Document toolboxDocument toolbox

No-Spark Semantic model processing through Kyvos Native Compute Engines

Platform for Compute Type

Platform for Compute Type

You can choose Kyvos Native as a compute engine or External engines for semantic model processing.

 

Compute Type

 Platform

External

Kyvos Native

AWS

EMR / Databricks

SHARED QE or Dedicated Compute (K8S)

AZURE

Databricks

SHARED QE or Dedicated Compute (K8S)

GCP

Dataproc

SHARED QE or Dedicated Compute (K8S)

ON PREM

Hadoop

SHARED QE or Dedicated Compute

Deploy Kyvos through Kyvos Native Compute

Kyvos Native Compute operates independently of any external compute clusters when processing semantic models. It uses its proprietary Kyvos Analytical Store, which reduces costs, bolsters security, and removes the dependency on permissions.

Note
When you process a semantic model with no Spark, cuboids are stored at persistent storage. However, a copy of these cuboids is kept at the local storage (local disk).

  • Shared Query Engine: In this mode, the query engine not only performs queries but also handles semantic model processing. This dual role is named SHARED because the same process undertakes both activities.

Note

From Kyvos 2024.9.1 onwards, if you use Query Engines as a compute server:

  • For Load Based Scaling: Query Engines will be automatically started when the semantic model is processed.

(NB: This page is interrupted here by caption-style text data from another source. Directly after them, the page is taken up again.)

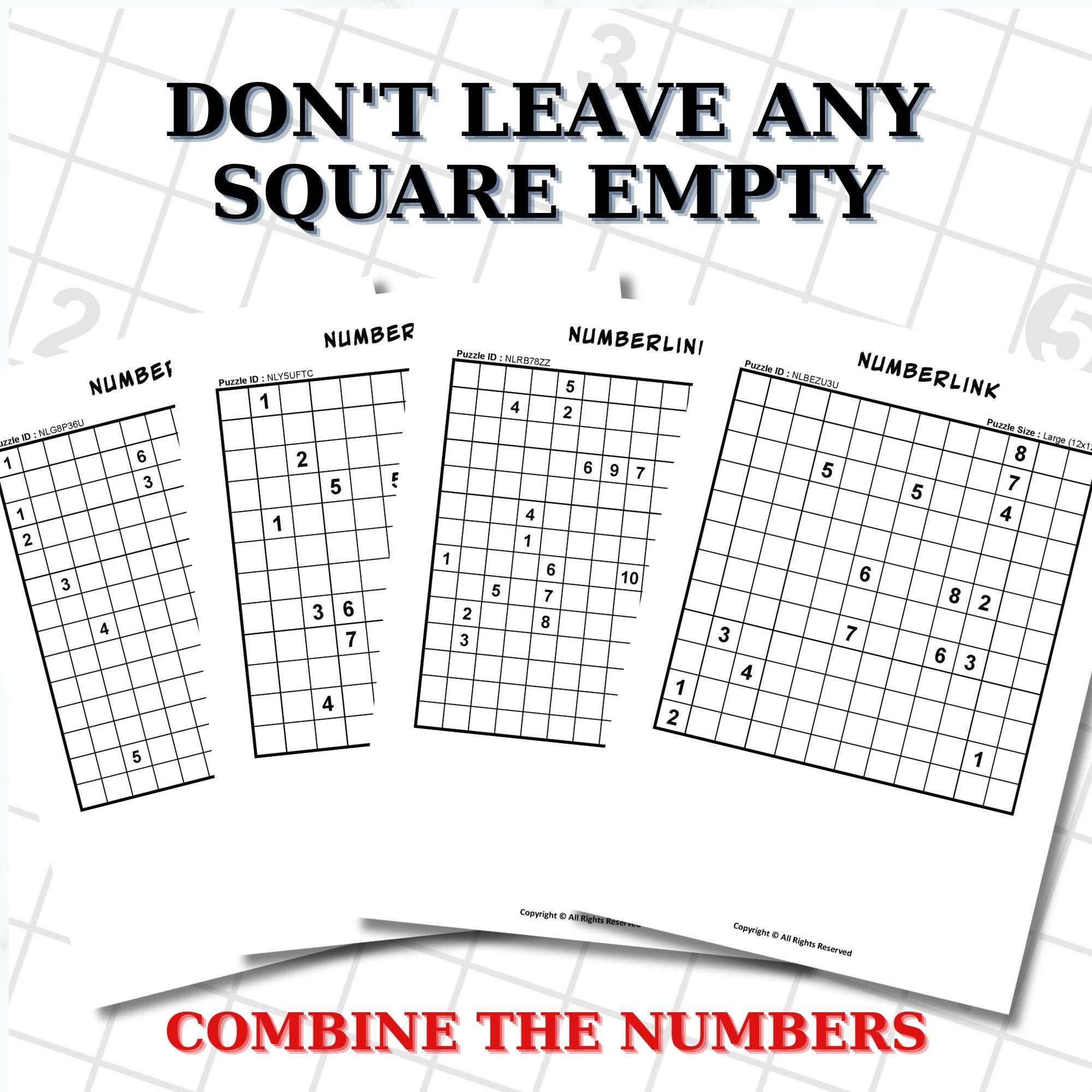 Printable Numberlink Puzzles: Brain Teaser Game (digital Download A4 ...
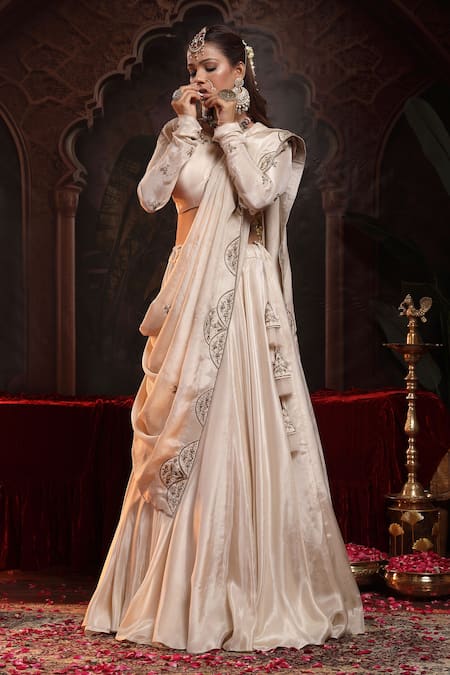 Miku Kumar_Ivory Tissue, Organza Embroidery Round Neck Nihar Lehenga Set _at_Aza_Fashions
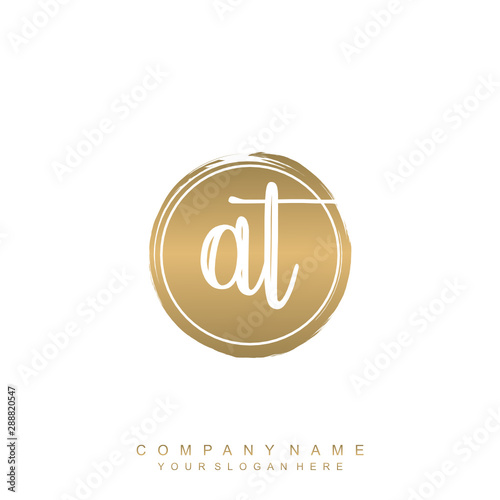 letter AT handwritting logo, handwritten font for business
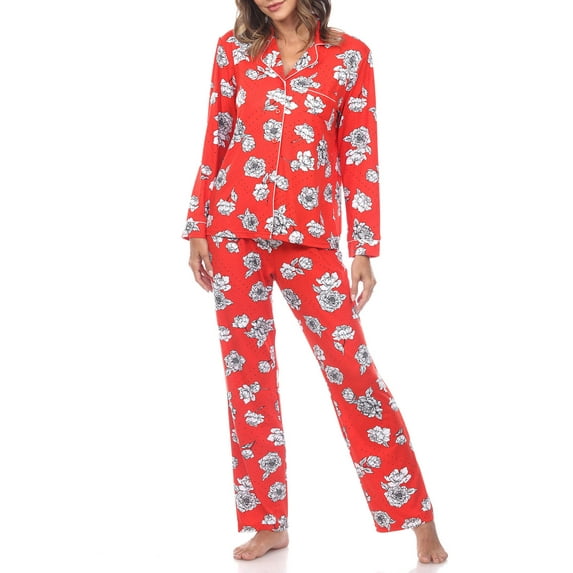 White Mark Women's Long Sleeve & Pants Floral Pajama Set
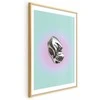 Artgeist Plakatas - Metallic Form - abstract sculpture on a mint background with a violetinė halo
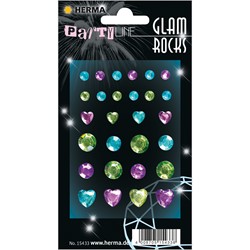 HERMA Glam Rocks Sticker, Diamonds Mint & Light Blue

  • For Schedule based scaling: Query Engines will be automatically started when the semantic model is processed, but if you have enabled scheduled-based scaling, the Query Engines will not auto start. In this case, Kyvos recommends switching to Load-based scaling.

  • Dedicated Compute: In this mode, the semantic model is processed via dedicated service. In cloud-based deployment, the semantic model is processed using Kubernetes (K8S) cluster-based nodes while in ON PREM environment, models are processed on dedicated nodes.

You can change from an external compute cluster to Kyvos Native for processing semantic models through Kyvos Manager on the Compute Cluster page.

From Kyvos 2024.10, you can:

  • Process semantic model with no-Spark using the Shared Query Engine and dedicated Kubernetes cluster on AWS Managed Services.

  • Resume failed or canceled semantic model process.

  • Run test data semantic model process job.

Supported Platforms

 

Supported Environments

 

AWS

AZURE

GCP

ON PREM

Supported Native Types

Kyvos Enterprise

Marketplace

Managed Services

Enterprise

Marketplace

Enterprise

Marketplace

 

SHARED QE

Dedicated Compute (K8S)

  • AWS: For Kubernetes, Kyvos processes the semantic model using Amazon Elastic Kubernetes Service (Amazon EKS). You can select Query Engine or Kubernetes as a compute engine using no Spark model processing.
    For further details about deployment, see the Automated deployment for AWS via CloudFormation with Kyvos Native section.

  • Azure: For Kubernetes, Kyvos processes the semantic model using Azure’s managed service AKS (Azure Kubernetes Service).

    • The Azure cluster is deployed via ARM templates. You can create a cluster without Spark or process the semantic model using Spark mode within ARM templates.
      For further details about deployment, see the Automated deployment on Azure with Kyvos Native section.

    • From Kyvos 2024.3 onwards, you can select the compute cluster as the Query engine or Kubernetes when deploying Kyvos through Azure Template Specs.

  • GCP: For Kubernetes, Kyvos processes the semantic model using Google Cloud's managed service GKE (Google Kubernetes Engine). The GKE cluster is deployed through GCP Installation Files. Using the scripts, you can select a No-Spark-based cluster or process the semantic model using Spark Mode.
    Optionally, for no-Spark deployments, you can either use new or existing Dataproc cluster.
    For further details about Kyvos deployment on GCP using the no-Spark model, see the following section:

  • On Premises: For On-premises deployment, you can deploy using No Spark types: SHARED_QE and Compute Server. For further details about on premises deployment with no-Spark, see the Deploying no Hadoop no Spark.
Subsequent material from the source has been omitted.